3.4. Analysis of the Rate-Limiting Step

The independence of the drying rate on sludge particle size showed that internal diffusion was not the rate-limiting step. The variations of drying rate constant with time and load mass are shown in Figure 12.

According to Figure 12a, the microwave drying process of CRES could be roughly separated into three successive stages considering the variations of drying rate constant with time and load mass. Figure 12b shows that the drying rate constant was basically negatively correlated with the load mass before 110 s, agreeing with the dependence shown by Equation (6). Thus, in this stage, the drying process was limited by external diffusion. Figure 12c shows that there was no obvious correlation between the drying rate constant and load mass from 120 s to 160 s, indicating that the drying process was controlled by both external diffusion and chemical reaction. Figure 12d shows that the drying rate constant has no clear negative correlation with load mass after 160 s. Instead, it had a certain degree of positive correlation, which was qualitatively consistent with the Arrhenius formula. It indicated that the drying process was mainly controlled by chemical reactions.

3.5. Fitting of Kinetic Models

The fitting results of kinetic models for the microwave drying process of CRES are shown in Figure 13 and

Table 7. Model fitting results of the microwave drying process.

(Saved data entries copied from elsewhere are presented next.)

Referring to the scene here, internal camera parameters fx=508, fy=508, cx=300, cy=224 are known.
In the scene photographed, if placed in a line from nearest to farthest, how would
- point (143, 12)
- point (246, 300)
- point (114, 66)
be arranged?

Model	Load Mass (g)	Parameters	R2	RSS	${\mathbf{𝜒}}^2$	AIC
Modified Page	7.5	k = 0.00713, n = 2.00734	0.996	0.01968	5.788 × 10−4	−266.4
	12.5	k = 0.00717, n = 2.11124	0.997	0.01066	3.806 × 10−4	−234.3
	17.5	k = 0.00673, n = 2.30727	0.998	0.00926	3.307 × 10−4	−238.5
Midilli	7.5	a = 1.01993, b = 1.04033 × 10−4, k = 4.04004 × 10−5, n = 2.06505	0.998	0.00847	2.646 × 10−4	−292.8
	12.5	a = 1.02011, b = 9.60889 × 10−5, k = 3.01866 × 10−5, n = 2.11995	0.998	0.00537	2.066 × 10−4	−250.8
	17.5	a = 1.02095, b = 7.14532 × 10−5, k = 1.18911 × 10−5, n = 2.28123	0.999	0.00502	1.930 × 10−4	−252.9
Balbay and Sahin	7.5	a = 0.01243, b = 0.0342, k = 3.65816 × 10−5, n = 2.0911	0.998	0.00751	2.348 × 10−4	−297.1
	12.5	a = 0.01169, b = 0.03036, k = 2.41858 × 10−5, n = 2.17321	0.999	0.00528	2.030 × 10−4	−251.4
	17.5	a = −7.50411 × 10−4, b = 0.02087, k = 1.08217 × 10−5, n = 2.30206	0.999	0.00504	1.937 × 10−4	−252.7
Danish	7.5	b = 0.02988, k = 4.65995 × 10−5, n = 2.04148	0.998	0.00784	2.377 × 10−4	−297.6
	12.5	b = 0.0244, k = 3.1433 × 10−5, n = 2.11821	0.999	0.00533	1.976 × 10−4	−253.1
	17.5	b = 0.02126, k = 1.06884 × 10−5, n = 2.30461	0.999	0.00504	1.866 × 10−4	−254.7

. It was found that the Danish model fit best with the drying data among the tested kinetic models, primarily due to its high correlation coefficient and smaller chi-squared test value when the load mass increased from 7.5 g to 17.5 g.

4. Conclusions

The microwave drying kinetics of CRES were investigated with a focus on the effects of microwave power, load mass, and particle size fraction of CRES on the microwave drying rate of CRES. It was demonstrated that CRES had strong microwave absorption, contributing to a much shorter drying time and better drying performance compared with conventional drying. In comparison with conventional drying at 105 °C, the time of microwave drying at 600 W for total moisture removal was cut by 98.5%. With the increase of microwave power from 600 W to 1200 W, the average drying rate increased from 0.00297 s⁻¹ to 0.00491 s⁻¹. As the load mass increased from 7.5 g to 17.5 g, the average drying rate increased from 0.00282 s⁻¹ to 0.00340 s⁻¹. When the particle size varied from 0.15–0.3 mm to 1.25–2.5 mm, the average drying rate decreased from 0.00379 s⁻¹ to 0.00339 s⁻¹. Compared with other factors, microwave power played a more important role in microwave drying. The microwave drying process of CRES included three successive stages, whose drying rates were, respectively, limited by external diffusion (before 110 s), both external diffusion and chemical reaction (110 s–160 s), and chemical reaction (after 160 s). Among the examined kinetic models, the Danish model fit best with the microwave drying process of CRES.